ASSIGNMENT.
Please output every line of the material as it stands, without the pictures.

DATA EXTRACT.
........

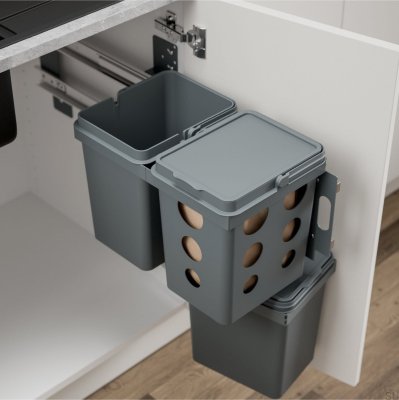 Alicante 27x42 Dark Gray Waste Sorting Container System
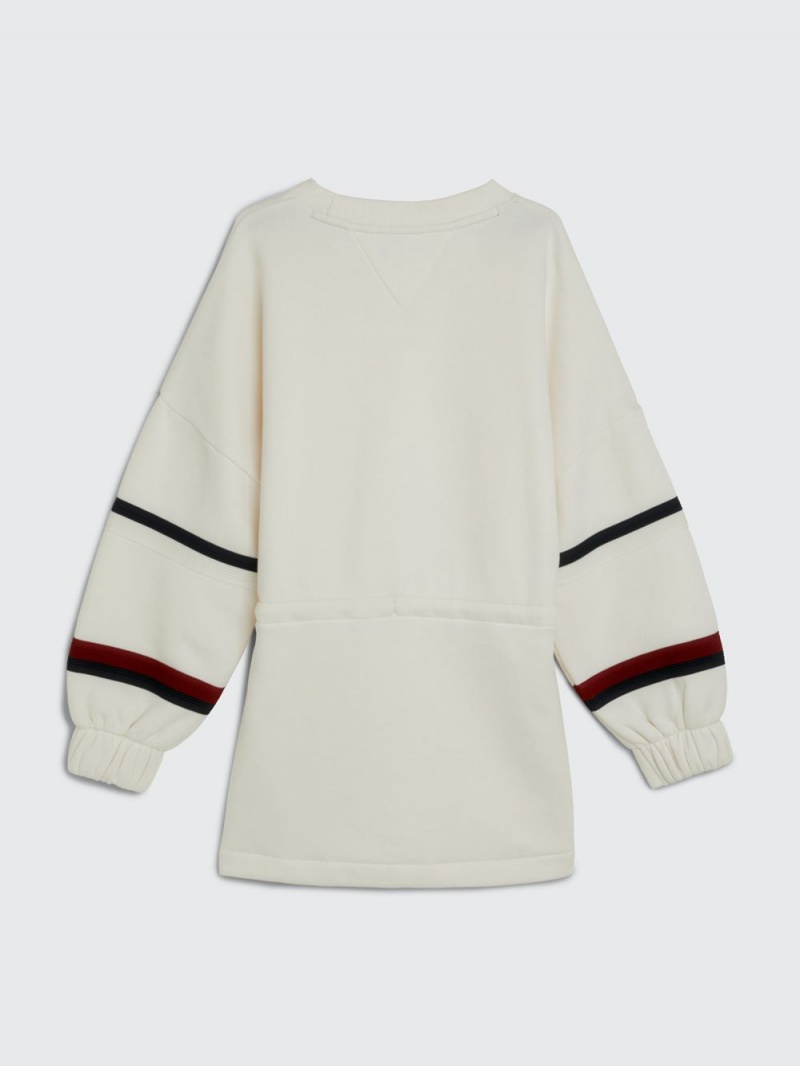 Tommy Hilfiger 3-7 Global Stripe Tröja Klänning Tjej Vita | 658-YLAEFO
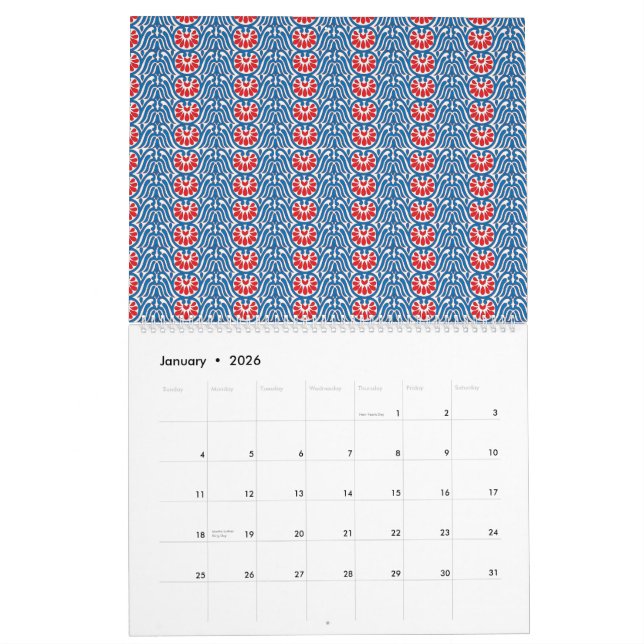 a blue background with red and white designs calendar (Jan 2026)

........

EXERCISE SOLUTION.
 Alicante 27x42 Dark Gray Waste Sorting Container System
 Tommy Hilfiger 3-7 Global Stripe Tröja Klänning Tjej Vita | 658-YLAEFO
 a blue background with red and white designs calendar (Jan 2026)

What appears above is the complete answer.